-- TASK DESCRIPTION --
Word for word, set down every line of the entries below from the line with "Geschlossen, bestieg, House" to the line with "Olio solare alla", including both, and no other line.

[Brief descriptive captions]
──────────

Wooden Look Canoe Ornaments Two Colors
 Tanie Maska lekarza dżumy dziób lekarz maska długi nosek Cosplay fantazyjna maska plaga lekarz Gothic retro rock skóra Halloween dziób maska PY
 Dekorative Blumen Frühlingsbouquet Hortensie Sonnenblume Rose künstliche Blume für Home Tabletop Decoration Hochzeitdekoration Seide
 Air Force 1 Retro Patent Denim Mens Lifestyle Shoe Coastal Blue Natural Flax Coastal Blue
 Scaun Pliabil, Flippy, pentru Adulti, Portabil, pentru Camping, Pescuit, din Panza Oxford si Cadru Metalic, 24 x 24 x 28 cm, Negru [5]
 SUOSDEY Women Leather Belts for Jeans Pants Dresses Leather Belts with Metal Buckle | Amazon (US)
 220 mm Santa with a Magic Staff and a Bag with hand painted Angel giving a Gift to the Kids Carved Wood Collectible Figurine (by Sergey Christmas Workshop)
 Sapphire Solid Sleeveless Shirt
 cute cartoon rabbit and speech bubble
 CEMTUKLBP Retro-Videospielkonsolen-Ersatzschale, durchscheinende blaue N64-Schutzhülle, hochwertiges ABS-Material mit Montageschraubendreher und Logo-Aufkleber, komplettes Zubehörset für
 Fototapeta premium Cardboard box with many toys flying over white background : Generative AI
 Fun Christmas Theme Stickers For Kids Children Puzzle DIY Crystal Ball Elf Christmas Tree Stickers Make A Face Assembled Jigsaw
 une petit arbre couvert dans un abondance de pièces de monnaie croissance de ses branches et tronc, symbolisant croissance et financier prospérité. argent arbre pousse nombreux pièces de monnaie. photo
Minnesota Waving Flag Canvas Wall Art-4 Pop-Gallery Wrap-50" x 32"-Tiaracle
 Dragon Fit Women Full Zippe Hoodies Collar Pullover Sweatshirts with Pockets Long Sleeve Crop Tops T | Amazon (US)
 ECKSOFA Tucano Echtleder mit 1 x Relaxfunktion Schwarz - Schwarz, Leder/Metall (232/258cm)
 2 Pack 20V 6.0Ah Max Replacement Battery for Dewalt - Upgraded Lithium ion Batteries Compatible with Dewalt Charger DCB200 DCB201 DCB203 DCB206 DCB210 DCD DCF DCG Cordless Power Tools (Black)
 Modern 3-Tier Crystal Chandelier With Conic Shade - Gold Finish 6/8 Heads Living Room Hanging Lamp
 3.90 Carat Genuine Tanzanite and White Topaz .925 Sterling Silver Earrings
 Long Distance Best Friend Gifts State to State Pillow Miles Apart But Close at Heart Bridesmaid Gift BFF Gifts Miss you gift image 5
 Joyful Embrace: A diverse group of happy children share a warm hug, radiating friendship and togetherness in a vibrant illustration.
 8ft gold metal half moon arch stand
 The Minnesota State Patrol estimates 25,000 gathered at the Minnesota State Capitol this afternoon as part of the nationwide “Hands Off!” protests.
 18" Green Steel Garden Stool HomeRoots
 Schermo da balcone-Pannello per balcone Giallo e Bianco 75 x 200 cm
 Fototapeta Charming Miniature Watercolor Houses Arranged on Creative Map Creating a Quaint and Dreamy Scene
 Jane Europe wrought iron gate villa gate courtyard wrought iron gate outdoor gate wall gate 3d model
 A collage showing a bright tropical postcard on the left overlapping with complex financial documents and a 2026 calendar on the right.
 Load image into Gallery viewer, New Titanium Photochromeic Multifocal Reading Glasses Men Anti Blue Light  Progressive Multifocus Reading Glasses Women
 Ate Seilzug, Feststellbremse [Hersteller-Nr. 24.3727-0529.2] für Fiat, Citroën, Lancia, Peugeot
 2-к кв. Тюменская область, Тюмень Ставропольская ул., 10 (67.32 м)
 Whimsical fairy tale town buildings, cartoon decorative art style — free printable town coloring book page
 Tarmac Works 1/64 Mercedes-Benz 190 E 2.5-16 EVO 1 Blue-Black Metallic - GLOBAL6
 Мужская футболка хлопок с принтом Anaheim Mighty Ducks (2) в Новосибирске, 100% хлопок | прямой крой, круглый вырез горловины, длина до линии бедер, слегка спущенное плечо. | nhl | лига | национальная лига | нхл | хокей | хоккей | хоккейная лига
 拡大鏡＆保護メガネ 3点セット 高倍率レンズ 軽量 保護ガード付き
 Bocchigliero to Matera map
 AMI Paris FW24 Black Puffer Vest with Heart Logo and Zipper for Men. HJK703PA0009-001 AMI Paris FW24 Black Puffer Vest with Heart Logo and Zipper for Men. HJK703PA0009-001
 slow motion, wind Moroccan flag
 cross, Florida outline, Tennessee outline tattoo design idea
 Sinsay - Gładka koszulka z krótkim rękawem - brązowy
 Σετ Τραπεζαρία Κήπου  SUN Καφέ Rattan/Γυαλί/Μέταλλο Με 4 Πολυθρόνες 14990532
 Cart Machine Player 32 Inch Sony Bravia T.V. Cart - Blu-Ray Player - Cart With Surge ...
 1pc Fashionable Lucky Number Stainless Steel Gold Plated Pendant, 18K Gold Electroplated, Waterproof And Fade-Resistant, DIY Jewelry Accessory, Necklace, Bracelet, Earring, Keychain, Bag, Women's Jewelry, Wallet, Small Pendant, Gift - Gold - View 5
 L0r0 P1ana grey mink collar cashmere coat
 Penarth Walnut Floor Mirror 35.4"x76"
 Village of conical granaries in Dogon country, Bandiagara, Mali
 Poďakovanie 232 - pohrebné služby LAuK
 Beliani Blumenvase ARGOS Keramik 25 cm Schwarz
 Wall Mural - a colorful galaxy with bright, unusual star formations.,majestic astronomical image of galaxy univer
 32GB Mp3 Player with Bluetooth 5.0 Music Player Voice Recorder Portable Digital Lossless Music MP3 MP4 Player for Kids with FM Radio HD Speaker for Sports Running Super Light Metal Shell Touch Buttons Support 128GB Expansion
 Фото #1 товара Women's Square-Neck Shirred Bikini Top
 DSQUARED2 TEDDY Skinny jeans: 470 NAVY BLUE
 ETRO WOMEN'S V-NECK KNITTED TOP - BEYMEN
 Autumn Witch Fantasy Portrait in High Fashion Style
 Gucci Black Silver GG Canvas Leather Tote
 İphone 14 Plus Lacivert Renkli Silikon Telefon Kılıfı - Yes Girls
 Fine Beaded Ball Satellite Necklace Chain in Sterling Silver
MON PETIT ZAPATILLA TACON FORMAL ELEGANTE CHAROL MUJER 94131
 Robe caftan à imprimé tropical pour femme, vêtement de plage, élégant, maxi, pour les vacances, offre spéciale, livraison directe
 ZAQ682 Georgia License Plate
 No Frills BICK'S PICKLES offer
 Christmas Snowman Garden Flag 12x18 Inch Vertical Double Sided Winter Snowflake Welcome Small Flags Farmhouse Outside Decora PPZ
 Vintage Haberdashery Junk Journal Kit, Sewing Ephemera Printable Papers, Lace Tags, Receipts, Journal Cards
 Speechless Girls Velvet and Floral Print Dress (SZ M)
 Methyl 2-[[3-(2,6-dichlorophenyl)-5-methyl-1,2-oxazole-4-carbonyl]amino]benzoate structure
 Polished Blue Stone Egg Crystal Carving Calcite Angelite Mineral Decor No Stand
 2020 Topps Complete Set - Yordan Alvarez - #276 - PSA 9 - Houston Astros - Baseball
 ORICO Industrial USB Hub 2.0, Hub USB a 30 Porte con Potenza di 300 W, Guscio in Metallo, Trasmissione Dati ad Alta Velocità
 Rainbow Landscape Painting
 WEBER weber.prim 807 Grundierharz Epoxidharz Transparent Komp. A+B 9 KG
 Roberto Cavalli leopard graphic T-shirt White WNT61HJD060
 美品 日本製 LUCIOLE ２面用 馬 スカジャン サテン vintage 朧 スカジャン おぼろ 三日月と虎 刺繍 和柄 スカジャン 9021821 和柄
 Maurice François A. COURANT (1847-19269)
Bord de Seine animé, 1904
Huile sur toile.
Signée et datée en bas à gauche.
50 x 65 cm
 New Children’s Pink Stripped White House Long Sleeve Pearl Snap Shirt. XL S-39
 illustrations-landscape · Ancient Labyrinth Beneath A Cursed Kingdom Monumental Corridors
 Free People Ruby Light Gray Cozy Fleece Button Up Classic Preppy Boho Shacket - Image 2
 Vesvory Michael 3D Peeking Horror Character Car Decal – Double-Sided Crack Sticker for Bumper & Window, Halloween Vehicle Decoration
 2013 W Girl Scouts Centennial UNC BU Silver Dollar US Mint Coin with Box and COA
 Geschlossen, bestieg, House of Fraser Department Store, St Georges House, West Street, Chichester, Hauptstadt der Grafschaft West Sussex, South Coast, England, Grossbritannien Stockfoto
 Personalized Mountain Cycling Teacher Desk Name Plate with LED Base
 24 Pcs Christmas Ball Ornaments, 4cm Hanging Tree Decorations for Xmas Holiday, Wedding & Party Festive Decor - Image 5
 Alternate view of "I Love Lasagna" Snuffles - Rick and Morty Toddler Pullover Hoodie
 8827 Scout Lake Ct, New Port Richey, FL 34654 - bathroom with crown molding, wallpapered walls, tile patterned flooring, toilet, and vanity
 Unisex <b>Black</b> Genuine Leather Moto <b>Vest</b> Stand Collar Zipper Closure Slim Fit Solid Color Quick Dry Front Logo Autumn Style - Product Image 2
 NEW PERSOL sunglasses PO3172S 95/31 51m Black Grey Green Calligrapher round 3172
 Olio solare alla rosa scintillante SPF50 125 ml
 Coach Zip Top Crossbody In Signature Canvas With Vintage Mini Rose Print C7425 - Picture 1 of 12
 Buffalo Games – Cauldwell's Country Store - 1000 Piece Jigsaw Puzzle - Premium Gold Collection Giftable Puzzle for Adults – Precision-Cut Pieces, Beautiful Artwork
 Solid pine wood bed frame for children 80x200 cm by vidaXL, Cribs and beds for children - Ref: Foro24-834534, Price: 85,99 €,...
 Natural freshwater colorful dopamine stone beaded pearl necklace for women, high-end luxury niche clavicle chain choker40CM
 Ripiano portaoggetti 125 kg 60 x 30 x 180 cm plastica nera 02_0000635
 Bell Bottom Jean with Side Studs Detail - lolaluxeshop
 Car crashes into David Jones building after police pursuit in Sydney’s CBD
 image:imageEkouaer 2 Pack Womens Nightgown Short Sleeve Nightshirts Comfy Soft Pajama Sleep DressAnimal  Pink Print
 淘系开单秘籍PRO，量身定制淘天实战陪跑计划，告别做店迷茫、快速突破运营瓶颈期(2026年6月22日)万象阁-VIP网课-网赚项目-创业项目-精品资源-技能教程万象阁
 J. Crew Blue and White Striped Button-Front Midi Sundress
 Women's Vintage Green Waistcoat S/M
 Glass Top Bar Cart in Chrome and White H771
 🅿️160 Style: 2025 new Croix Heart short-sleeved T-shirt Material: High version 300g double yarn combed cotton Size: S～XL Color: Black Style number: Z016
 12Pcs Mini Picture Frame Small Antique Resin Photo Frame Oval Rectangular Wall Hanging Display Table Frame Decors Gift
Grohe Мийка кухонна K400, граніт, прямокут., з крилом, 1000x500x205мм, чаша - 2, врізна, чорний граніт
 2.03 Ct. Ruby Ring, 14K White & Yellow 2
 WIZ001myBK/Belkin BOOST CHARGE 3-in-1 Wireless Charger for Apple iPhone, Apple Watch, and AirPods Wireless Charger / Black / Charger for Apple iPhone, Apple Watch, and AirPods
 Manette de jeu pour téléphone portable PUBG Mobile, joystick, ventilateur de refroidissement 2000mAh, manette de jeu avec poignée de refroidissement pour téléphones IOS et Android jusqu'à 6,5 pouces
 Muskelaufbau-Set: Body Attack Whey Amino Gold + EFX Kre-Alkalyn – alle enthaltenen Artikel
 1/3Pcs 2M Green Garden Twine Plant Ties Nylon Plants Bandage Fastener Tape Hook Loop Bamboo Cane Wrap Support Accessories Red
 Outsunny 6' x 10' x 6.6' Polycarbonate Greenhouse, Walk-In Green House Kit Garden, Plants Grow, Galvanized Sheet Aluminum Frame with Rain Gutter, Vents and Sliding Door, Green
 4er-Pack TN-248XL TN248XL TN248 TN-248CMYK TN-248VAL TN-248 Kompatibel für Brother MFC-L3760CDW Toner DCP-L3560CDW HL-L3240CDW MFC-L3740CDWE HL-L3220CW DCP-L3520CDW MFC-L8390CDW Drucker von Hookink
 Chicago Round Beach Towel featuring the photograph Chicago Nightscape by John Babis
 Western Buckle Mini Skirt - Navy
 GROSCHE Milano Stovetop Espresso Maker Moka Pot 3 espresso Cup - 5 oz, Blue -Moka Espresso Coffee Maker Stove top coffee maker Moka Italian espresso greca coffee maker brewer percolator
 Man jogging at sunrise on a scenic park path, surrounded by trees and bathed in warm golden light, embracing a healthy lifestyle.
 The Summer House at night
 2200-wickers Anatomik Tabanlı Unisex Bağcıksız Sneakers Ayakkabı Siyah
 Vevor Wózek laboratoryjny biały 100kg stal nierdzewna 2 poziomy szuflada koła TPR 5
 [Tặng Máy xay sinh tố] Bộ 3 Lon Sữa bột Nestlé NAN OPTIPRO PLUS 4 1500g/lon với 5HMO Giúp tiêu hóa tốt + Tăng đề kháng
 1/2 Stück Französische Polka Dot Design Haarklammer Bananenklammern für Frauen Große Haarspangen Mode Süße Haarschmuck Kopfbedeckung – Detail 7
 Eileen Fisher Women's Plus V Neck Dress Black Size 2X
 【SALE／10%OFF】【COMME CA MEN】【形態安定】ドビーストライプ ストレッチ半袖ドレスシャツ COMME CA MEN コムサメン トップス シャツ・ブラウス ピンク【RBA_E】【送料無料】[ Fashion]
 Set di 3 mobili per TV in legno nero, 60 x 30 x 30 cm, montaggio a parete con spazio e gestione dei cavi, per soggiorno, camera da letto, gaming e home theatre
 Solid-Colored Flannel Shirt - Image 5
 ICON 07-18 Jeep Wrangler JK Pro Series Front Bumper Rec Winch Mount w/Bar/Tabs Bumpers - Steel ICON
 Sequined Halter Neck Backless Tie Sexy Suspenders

──────────

-- RESPONSE BOX --
 Geschlossen, bestieg, House of Fraser Department Store, St Georges House, West Street, Chichester, Hauptstadt der Grafschaft West Sussex, South Coast, England, Grossbritannien Stockfoto
 Personalized Mountain Cycling Teacher Desk Name Plate with LED Base
 24 Pcs Christmas Ball Ornaments, 4cm Hanging Tree Decorations for Xmas Holiday, Wedding & Party Festive Decor - Image 5
 Alternate view of "I Love Lasagna" Snuffles - Rick and Morty Toddler Pullover Hoodie
 8827 Scout Lake Ct, New Port Richey, FL 34654 - bathroom with crown molding, wallpapered walls, tile patterned flooring, toilet, and vanity
 Unisex <b>Black</b> Genuine Leather Moto <b>Vest</b> Stand Collar Zipper Closure Slim Fit Solid Color Quick Dry Front Logo Autumn Style - Product Image 2
 NEW PERSOL sunglasses PO3172S 95/31 51m Black Grey Green Calligrapher round 3172
 Olio solare alla rosa scintillante SPF50 125 ml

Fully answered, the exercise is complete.